Donc bon, quand même, avec les copains Adrien et Gandalf, Jérémie se motive pour participer à la dernière. Pas trop en jambes, les trois français hésitent à partir avec le groupe des Elites ou celui des “un peu moins rapides”. Ça part en peloton, et après 500m, alors qu’on se dit qu’on va y aller tranquillement en suivant les “moyens rapides” à droite, Adrien part subitement à gauche en faisant un signe insistant à Gandalf et Jérémie qui doit probablement vouloir dire “suivez-moi bordel de merde”. Une très mauvaise idée. Ça court à 3’50” au kilo sans s’arrêter aux feux rouge. Les mecs qui amènent le groupe sont incisifs comme les quatre dents de devant. Si Adrien s’accroche, Gandalf et Jérémie ont vite compris le pétrin dans lequel ils se sont fourrés.
Douze kilomètres à cette allure de kényans pas dopés jusqu’à l’observatoire de Greenwich, ça ne va pas le faire.
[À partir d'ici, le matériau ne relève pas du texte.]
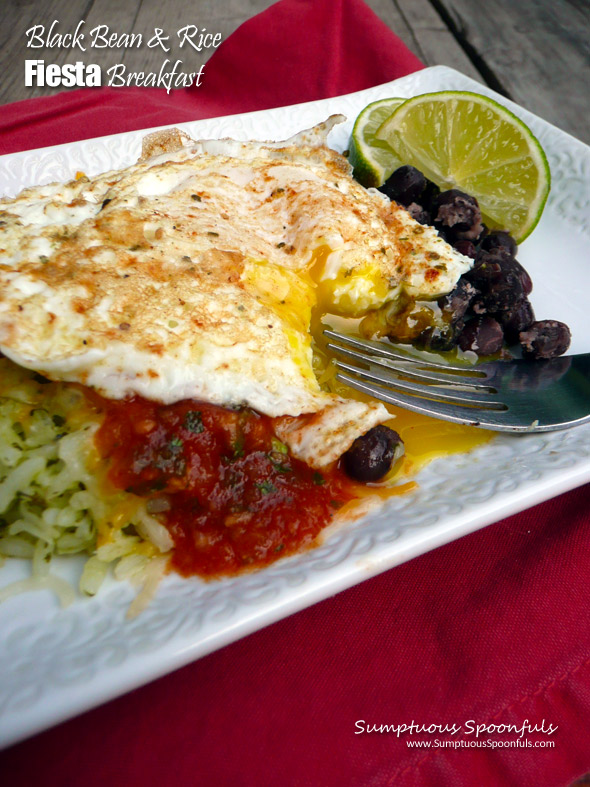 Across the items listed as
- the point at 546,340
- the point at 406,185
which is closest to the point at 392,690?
the point at 546,340

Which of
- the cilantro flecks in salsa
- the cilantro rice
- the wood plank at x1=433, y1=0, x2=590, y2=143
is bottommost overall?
the cilantro rice

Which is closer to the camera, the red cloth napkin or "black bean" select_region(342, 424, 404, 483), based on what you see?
the red cloth napkin

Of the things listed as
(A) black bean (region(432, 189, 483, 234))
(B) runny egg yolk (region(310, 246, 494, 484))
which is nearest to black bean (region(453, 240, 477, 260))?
(A) black bean (region(432, 189, 483, 234))

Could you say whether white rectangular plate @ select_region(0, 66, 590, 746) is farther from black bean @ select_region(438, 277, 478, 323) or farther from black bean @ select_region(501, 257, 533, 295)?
black bean @ select_region(501, 257, 533, 295)

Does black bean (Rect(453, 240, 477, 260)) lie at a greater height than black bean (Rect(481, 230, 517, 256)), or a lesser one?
lesser

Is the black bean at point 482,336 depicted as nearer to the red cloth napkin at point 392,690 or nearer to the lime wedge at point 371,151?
the red cloth napkin at point 392,690

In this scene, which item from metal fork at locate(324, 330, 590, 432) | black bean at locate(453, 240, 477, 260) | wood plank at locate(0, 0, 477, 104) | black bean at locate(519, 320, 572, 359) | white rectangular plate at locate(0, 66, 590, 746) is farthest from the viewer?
wood plank at locate(0, 0, 477, 104)

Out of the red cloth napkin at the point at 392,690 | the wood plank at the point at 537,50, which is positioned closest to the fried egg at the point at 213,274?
the red cloth napkin at the point at 392,690

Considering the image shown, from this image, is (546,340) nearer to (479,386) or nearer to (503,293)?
(503,293)

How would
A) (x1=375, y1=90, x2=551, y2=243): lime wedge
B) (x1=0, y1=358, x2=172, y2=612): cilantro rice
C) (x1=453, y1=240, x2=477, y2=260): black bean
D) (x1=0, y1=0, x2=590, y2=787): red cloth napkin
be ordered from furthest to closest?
(x1=375, y1=90, x2=551, y2=243): lime wedge < (x1=453, y1=240, x2=477, y2=260): black bean < (x1=0, y1=358, x2=172, y2=612): cilantro rice < (x1=0, y1=0, x2=590, y2=787): red cloth napkin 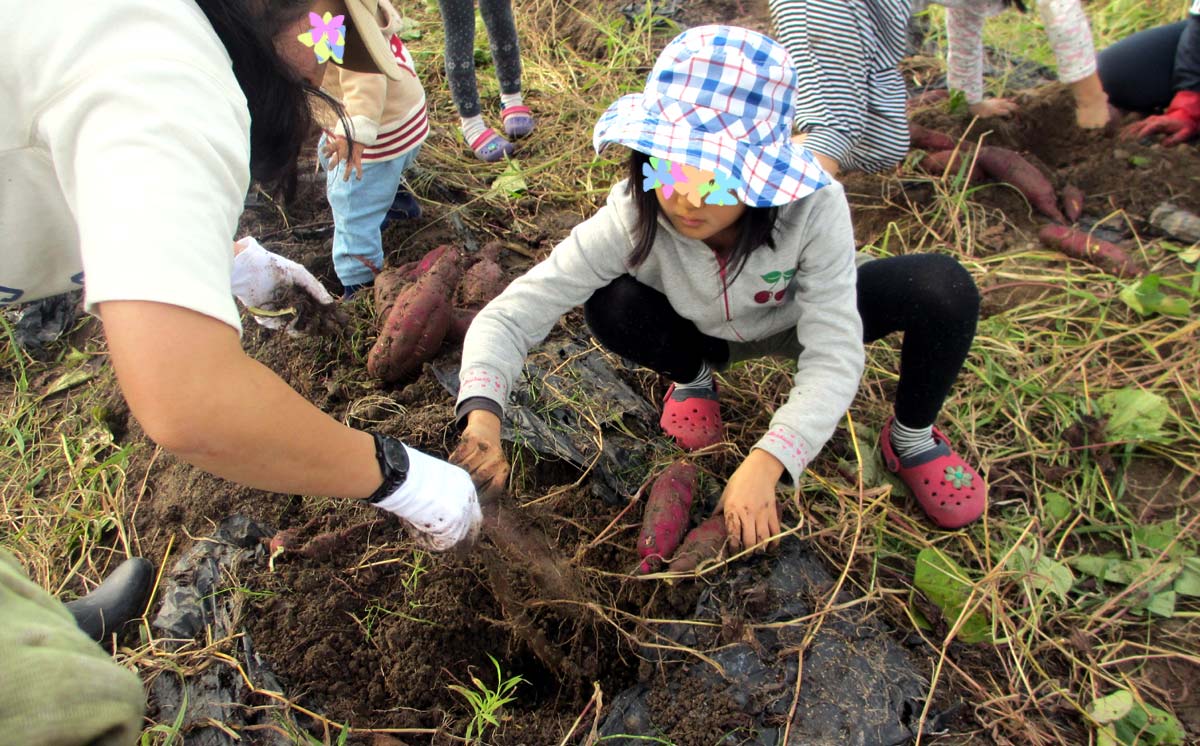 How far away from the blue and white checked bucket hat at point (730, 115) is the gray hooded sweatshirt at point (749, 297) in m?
0.19

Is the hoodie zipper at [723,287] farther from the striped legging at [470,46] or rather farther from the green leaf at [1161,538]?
the striped legging at [470,46]

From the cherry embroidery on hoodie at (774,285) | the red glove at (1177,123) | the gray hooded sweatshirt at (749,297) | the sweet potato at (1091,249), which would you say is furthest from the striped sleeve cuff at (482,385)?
the red glove at (1177,123)

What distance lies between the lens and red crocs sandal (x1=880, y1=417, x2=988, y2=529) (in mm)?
1747

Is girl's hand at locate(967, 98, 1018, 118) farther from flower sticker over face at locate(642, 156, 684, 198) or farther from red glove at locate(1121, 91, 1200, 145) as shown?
flower sticker over face at locate(642, 156, 684, 198)

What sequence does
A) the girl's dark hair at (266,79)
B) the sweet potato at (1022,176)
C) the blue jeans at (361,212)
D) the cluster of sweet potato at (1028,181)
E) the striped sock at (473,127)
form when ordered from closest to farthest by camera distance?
the girl's dark hair at (266,79) → the blue jeans at (361,212) → the cluster of sweet potato at (1028,181) → the sweet potato at (1022,176) → the striped sock at (473,127)

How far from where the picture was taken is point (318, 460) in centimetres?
91

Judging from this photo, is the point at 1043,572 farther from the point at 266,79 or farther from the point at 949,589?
the point at 266,79

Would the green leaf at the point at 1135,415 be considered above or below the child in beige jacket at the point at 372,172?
below

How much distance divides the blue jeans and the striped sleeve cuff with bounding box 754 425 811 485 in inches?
58.0

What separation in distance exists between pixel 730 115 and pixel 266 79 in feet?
2.45

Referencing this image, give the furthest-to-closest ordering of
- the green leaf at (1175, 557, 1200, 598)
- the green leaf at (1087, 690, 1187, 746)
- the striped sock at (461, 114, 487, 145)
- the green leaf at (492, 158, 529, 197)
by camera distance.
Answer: the striped sock at (461, 114, 487, 145) < the green leaf at (492, 158, 529, 197) < the green leaf at (1175, 557, 1200, 598) < the green leaf at (1087, 690, 1187, 746)

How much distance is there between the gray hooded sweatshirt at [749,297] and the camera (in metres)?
1.41

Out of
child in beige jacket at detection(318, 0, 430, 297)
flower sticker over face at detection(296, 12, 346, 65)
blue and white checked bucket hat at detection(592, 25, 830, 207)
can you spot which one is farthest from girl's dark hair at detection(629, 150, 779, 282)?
child in beige jacket at detection(318, 0, 430, 297)

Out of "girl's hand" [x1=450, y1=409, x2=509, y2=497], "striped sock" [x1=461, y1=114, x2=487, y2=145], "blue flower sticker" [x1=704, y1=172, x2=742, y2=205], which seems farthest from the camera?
"striped sock" [x1=461, y1=114, x2=487, y2=145] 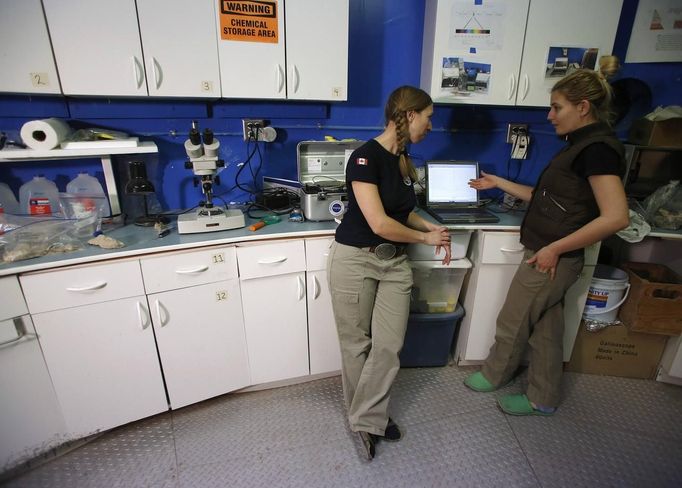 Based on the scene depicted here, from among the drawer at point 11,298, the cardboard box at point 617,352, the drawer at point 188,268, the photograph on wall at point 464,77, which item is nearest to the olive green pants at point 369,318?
the drawer at point 188,268

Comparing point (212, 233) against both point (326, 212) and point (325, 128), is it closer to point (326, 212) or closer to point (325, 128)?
point (326, 212)

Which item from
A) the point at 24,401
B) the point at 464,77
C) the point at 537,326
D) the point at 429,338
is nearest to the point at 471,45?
the point at 464,77

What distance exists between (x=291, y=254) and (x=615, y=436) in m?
1.80

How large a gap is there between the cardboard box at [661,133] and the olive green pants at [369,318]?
1790mm

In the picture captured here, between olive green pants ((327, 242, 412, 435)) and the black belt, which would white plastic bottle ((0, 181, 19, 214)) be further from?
the black belt

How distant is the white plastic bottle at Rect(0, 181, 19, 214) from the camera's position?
1.71 metres

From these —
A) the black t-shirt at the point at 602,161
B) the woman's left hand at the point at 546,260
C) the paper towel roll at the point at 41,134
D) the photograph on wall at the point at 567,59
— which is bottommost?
the woman's left hand at the point at 546,260

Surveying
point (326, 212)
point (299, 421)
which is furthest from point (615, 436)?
point (326, 212)

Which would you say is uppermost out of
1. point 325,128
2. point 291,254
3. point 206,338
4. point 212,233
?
point 325,128

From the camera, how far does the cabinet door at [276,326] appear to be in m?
1.77

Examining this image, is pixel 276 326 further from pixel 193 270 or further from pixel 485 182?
pixel 485 182

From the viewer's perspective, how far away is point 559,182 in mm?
1494

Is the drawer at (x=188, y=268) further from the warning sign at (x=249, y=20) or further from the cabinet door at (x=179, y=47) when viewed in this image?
the warning sign at (x=249, y=20)

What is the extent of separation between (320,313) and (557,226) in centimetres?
118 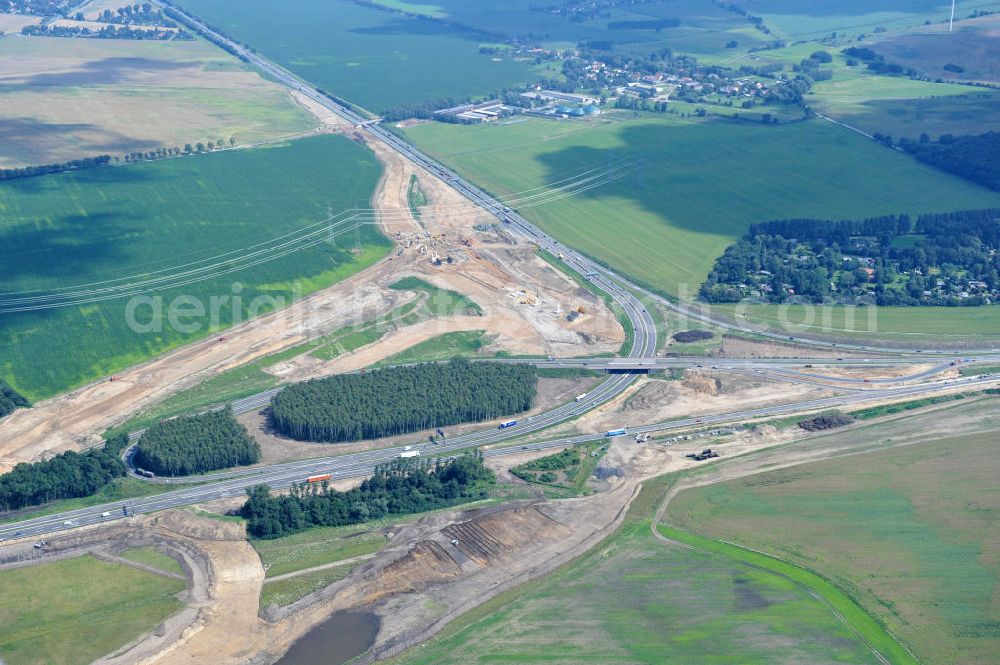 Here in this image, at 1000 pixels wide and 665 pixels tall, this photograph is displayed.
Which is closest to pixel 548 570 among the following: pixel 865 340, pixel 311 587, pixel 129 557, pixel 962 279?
pixel 311 587

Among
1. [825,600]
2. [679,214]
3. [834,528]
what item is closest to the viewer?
[825,600]

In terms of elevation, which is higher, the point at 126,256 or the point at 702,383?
the point at 126,256

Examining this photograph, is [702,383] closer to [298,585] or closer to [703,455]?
[703,455]

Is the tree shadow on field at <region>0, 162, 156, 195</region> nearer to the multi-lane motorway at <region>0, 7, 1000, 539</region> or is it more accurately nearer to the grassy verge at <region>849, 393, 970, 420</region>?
the multi-lane motorway at <region>0, 7, 1000, 539</region>

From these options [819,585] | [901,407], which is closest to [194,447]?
[819,585]

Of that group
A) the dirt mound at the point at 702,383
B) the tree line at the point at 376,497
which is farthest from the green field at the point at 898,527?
the tree line at the point at 376,497

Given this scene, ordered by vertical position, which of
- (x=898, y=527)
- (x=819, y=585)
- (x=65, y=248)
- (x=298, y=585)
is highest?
(x=65, y=248)

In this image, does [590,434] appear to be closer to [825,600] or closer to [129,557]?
[825,600] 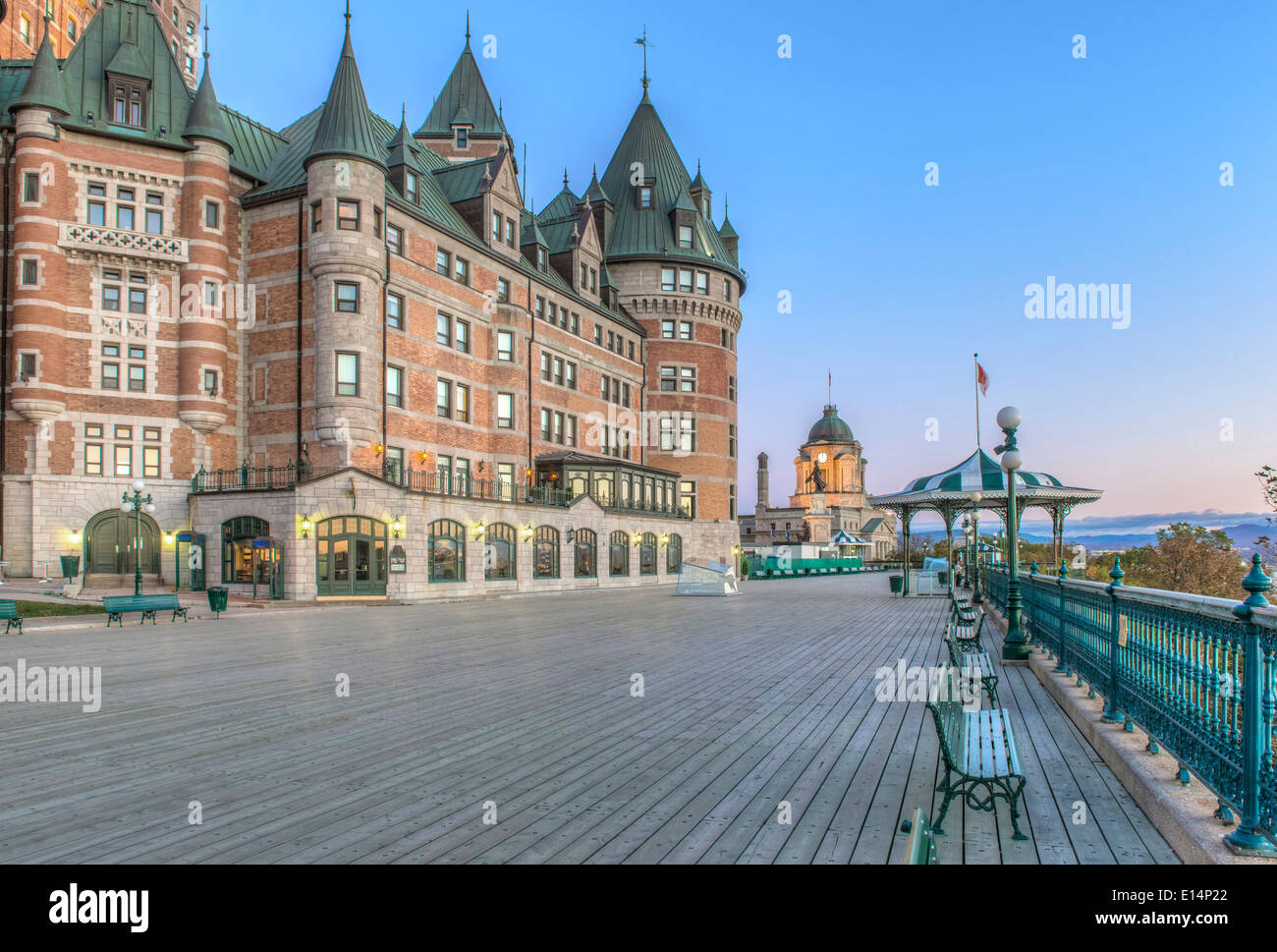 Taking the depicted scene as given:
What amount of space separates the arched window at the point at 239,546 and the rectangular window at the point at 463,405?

C’est donc avec sagesse et lucidité qu’ils décident que les autres peuvent aller se faire foutre et qu’ils vont rallier l’arrivée à leur rythme. Adrien, par contre lui ne lâche rien. Six kilomètres plus loin et alors qu’ils arrivent au niveau des bords de la Tamise, les deux éléments du grupetto décident qu’il serait plus agréable de s’arrêter boire un coup sur une des terrasses surplombant le fleuve, plutôt que de s’épuiser à courir jusqu’à un endroit où plus personne ne les attendra. C’est à cet instant précis que Gandalf s’exclame “Ah, mais attends ! Je crois qu’on est juste à côté du bar qui appartient à Ian McKellen, l’acteur qui joue Gandalf dans le Seigneur des Anneaux. En plus il y a le baton qu’il a dans le film qui est exposé. J’ai toujours rêvé d’y aller !” Un petit coup de Google Maps pour vérifier, le bar en question se situe seulement à deux minutes de marche. Gandalf s’invite alors chez Gandalf. Pendant une bonne heure et quart, les deux coureurs sifflent les pintes face à la Tamise et essaient à plusieurs reprises de s’emparer du fameux baton du magicien. Les serveurs ne veulent rien entendre, bien que l’objet revienne de droit à Gandalf, et ce sont les mains vides mais le ventre plein que les deux intrépides repartent au pas de course en direction du Ace Hotel. La foulée est lourde, mais le rythme régulier. Ils rentrent donc au camp de base le sentiment du devoir accompli, en pensant être arrivés après la voiture-balai. Alors qu’ils sont en train de s’étirer “vite fait”, ils aperçoivent les premiers coureurs du groupe Élite arriver. Surpris mais contents de leur coup, ils les félicitent un à un, avec un sourire évocateur. “Bien joué, mais on vous a fumé”. Parce-que les dernières ne sont jamais comme toutes les autres. Les derniers seront les premiers.